Give again, word for word, each line from the top of the listing through the line that holds "Picture: Santa claus".

> **Extracted records**

——————

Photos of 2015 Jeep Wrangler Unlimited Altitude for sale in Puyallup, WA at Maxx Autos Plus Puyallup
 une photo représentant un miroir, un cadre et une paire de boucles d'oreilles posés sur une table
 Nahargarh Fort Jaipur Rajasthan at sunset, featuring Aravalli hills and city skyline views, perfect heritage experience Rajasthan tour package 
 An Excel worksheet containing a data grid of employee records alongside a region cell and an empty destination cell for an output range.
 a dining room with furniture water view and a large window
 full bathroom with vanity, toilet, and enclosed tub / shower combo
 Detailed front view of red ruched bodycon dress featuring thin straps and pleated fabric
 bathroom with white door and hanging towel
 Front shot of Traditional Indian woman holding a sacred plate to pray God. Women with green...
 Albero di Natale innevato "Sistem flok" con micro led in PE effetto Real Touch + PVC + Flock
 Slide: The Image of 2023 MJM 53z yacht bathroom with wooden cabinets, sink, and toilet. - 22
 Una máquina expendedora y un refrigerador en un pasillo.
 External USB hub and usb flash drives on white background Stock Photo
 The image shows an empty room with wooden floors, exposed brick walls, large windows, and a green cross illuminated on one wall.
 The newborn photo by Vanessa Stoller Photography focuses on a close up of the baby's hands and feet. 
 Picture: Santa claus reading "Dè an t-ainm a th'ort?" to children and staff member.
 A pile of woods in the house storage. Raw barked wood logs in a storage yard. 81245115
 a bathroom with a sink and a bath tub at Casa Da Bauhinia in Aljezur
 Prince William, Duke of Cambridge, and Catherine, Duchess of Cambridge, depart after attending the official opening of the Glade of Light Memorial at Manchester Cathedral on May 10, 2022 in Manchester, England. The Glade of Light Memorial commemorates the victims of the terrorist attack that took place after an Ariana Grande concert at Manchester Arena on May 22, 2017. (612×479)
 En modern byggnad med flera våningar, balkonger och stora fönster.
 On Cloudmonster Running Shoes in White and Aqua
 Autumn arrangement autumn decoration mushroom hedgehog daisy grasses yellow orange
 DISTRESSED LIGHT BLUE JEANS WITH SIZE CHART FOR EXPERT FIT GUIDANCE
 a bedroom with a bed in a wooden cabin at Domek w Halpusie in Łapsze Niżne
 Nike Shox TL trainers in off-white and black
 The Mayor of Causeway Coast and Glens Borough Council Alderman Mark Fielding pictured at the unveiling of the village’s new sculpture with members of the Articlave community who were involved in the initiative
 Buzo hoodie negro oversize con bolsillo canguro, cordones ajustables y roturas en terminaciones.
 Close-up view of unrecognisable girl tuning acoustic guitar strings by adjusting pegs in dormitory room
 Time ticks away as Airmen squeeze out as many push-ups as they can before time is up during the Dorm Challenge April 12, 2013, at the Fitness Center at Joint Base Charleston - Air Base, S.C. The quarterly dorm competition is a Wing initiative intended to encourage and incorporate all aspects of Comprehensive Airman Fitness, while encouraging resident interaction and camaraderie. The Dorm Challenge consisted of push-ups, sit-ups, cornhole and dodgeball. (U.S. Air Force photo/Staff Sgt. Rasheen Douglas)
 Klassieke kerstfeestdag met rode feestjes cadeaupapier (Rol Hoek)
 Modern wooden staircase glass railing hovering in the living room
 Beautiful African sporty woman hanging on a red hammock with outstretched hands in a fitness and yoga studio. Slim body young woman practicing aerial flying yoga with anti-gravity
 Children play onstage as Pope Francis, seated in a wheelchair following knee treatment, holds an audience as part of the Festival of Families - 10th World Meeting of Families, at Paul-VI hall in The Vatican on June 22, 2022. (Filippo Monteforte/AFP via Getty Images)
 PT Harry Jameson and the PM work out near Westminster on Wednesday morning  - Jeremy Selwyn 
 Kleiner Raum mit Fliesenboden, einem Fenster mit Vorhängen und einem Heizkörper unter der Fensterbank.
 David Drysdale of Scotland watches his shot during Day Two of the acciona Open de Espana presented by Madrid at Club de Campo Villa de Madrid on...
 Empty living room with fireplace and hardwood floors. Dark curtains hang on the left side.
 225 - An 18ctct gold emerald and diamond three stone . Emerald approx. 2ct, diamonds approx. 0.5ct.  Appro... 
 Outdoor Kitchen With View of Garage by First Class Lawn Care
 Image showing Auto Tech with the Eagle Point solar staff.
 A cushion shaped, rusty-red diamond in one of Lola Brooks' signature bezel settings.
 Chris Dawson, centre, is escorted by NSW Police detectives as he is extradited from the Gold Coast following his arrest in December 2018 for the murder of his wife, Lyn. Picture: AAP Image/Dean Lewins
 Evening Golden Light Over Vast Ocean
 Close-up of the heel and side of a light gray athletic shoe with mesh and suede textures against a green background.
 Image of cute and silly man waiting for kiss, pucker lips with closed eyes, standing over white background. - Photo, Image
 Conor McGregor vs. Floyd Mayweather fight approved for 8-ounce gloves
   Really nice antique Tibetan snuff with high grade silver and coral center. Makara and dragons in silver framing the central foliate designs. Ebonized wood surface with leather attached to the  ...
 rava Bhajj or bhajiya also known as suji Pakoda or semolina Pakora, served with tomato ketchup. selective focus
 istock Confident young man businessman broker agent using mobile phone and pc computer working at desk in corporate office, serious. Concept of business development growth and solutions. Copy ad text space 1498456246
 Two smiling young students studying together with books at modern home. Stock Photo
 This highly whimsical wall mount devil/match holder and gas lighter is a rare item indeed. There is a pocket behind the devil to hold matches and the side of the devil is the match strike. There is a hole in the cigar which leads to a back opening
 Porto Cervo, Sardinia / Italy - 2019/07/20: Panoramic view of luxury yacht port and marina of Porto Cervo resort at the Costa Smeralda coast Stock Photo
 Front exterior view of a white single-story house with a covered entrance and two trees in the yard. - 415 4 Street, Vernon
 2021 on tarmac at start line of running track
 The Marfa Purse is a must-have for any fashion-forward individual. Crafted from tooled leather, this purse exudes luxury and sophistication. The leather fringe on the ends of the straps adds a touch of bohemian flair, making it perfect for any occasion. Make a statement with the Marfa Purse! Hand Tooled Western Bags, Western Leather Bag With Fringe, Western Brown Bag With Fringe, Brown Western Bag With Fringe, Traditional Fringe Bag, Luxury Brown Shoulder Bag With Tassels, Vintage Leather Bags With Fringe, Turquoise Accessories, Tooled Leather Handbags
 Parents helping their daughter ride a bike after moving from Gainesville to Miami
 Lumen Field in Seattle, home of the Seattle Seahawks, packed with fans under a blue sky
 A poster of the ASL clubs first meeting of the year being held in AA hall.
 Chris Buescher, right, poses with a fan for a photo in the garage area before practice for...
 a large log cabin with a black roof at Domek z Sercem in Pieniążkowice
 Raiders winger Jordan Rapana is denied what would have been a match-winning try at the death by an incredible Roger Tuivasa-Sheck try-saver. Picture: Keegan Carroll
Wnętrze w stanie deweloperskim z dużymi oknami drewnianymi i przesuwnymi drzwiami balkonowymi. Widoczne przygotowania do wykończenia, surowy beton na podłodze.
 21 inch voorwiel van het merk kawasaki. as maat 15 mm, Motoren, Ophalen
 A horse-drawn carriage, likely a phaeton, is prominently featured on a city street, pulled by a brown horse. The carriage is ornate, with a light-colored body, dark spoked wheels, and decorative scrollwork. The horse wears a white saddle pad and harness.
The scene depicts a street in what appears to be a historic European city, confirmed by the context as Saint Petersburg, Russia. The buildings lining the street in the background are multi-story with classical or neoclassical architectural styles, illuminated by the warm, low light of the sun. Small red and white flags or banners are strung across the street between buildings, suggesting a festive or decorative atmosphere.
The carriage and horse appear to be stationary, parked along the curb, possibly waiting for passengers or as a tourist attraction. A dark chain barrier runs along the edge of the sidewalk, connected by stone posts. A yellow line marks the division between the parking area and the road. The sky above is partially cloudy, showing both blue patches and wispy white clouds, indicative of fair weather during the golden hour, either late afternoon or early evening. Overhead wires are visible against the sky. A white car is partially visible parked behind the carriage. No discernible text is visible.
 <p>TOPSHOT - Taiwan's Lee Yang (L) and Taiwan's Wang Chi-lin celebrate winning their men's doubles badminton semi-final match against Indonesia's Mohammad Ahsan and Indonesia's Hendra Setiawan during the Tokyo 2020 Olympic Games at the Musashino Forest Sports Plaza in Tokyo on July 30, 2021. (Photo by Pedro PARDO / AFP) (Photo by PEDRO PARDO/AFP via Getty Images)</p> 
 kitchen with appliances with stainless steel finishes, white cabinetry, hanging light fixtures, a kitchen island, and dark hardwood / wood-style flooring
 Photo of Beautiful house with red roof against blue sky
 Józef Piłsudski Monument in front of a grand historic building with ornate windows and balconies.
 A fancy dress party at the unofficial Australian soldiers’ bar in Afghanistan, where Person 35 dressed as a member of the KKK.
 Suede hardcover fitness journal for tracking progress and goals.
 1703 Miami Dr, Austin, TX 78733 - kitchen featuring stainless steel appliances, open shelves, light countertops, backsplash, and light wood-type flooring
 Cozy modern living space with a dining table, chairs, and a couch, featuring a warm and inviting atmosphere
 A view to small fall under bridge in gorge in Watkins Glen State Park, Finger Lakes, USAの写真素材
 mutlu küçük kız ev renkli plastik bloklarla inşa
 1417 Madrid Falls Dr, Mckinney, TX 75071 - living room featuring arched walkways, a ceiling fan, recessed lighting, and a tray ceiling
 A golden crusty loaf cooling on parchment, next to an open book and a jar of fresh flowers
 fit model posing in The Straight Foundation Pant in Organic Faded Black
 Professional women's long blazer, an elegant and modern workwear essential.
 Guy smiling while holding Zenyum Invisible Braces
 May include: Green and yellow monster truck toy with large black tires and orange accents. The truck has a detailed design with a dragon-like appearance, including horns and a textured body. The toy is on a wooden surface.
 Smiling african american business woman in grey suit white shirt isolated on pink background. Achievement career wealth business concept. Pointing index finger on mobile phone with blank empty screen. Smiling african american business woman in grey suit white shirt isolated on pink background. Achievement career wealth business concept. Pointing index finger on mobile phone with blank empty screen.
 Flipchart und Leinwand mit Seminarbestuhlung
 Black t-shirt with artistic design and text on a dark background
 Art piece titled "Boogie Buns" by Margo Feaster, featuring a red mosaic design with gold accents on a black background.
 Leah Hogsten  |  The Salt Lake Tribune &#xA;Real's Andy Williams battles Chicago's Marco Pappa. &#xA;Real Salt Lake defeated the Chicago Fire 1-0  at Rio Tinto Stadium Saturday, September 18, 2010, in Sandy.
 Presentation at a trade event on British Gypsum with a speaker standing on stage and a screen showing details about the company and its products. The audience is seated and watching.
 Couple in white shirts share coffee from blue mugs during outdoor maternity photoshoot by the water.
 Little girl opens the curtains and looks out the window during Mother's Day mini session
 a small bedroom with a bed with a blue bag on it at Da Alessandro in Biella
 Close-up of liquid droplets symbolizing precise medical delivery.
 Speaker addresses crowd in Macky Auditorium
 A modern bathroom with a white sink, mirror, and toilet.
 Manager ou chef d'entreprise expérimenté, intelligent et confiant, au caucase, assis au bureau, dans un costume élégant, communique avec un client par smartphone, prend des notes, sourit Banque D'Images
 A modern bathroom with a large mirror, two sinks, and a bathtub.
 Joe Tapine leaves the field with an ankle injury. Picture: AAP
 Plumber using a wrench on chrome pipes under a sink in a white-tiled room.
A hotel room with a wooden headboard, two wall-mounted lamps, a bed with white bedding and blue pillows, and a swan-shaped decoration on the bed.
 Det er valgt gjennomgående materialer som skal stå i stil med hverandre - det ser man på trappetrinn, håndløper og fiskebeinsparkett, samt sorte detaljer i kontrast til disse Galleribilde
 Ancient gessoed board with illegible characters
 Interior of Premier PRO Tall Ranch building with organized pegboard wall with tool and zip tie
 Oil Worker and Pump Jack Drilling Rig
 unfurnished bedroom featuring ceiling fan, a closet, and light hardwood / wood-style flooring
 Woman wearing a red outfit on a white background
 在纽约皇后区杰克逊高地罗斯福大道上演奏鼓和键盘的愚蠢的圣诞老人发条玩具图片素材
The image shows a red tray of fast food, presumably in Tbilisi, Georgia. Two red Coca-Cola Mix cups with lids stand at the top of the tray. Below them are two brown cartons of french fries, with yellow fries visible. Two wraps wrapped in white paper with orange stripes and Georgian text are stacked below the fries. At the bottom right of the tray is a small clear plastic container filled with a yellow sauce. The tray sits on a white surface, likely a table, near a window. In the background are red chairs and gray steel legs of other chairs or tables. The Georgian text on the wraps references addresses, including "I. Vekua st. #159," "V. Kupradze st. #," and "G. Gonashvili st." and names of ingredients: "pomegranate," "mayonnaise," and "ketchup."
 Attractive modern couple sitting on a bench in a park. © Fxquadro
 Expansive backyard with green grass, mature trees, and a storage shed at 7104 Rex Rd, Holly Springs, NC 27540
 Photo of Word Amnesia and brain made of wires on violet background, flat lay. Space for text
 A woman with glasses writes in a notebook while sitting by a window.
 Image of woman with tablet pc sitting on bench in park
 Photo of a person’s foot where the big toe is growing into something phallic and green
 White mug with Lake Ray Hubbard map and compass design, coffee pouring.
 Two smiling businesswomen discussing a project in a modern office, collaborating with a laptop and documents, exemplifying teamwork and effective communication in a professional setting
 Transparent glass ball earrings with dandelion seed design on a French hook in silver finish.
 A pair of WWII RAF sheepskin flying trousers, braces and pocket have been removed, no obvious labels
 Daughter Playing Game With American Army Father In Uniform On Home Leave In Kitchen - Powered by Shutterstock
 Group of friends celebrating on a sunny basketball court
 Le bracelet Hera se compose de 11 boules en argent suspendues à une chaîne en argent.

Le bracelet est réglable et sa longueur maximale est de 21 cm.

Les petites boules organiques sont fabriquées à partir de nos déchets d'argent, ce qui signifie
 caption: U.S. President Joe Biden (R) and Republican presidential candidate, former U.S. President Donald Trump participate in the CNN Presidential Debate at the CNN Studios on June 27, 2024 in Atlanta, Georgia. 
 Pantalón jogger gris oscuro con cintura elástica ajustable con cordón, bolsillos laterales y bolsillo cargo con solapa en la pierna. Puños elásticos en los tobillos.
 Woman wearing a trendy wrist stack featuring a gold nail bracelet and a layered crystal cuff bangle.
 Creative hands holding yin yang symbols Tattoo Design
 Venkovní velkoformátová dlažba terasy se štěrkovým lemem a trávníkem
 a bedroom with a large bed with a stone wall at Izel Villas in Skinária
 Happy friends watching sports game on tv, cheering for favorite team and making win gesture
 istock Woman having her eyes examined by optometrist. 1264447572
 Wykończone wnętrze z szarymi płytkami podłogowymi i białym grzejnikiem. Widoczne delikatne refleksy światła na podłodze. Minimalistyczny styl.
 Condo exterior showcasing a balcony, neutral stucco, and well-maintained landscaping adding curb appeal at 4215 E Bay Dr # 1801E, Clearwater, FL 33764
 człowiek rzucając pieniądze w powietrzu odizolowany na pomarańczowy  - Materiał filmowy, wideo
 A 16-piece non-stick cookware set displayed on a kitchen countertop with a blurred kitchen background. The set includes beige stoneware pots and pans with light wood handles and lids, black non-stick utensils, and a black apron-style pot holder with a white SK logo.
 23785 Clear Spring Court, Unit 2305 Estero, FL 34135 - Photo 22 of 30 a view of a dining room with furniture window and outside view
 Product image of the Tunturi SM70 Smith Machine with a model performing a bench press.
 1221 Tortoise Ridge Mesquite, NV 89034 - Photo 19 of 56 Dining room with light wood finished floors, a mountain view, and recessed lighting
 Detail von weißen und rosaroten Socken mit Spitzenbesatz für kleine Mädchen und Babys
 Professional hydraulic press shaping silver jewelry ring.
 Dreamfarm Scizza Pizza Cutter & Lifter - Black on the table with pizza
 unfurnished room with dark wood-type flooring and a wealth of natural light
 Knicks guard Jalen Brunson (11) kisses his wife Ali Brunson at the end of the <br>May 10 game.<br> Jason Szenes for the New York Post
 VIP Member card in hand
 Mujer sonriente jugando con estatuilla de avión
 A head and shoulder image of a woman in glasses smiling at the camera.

——————

> **Answer to the problem**
Photos of 2015 Jeep Wrangler Unlimited Altitude for sale in Puyallup, WA at Maxx Autos Plus Puyallup
 une photo représentant un miroir, un cadre et une paire de boucles d'oreilles posés sur une table
 Nahargarh Fort Jaipur Rajasthan at sunset, featuring Aravalli hills and city skyline views, perfect heritage experience Rajasthan tour package 
 An Excel worksheet containing a data grid of employee records alongside a region cell and an empty destination cell for an output range.
 a dining room with furniture water view and a large window
 full bathroom with vanity, toilet, and enclosed tub / shower combo
 Detailed front view of red ruched bodycon dress featuring thin straps and pleated fabric
 bathroom with white door and hanging towel
 Front shot of Traditional Indian woman holding a sacred plate to pray God. Women with green...
 Albero di Natale innevato "Sistem flok" con micro led in PE effetto Real Touch + PVC + Flock
 Slide: The Image of 2023 MJM 53z yacht bathroom with wooden cabinets, sink, and toilet. - 22
 Una máquina expendedora y un refrigerador en un pasillo.
 External USB hub and usb flash drives on white background Stock Photo
 The image shows an empty room with wooden floors, exposed brick walls, large windows, and a green cross illuminated on one wall.
 The newborn photo by Vanessa Stoller Photography focuses on a close up of the baby's hands and feet. 
 Picture: Santa claus reading "Dè an t-ainm a th'ort?" to children and staff member.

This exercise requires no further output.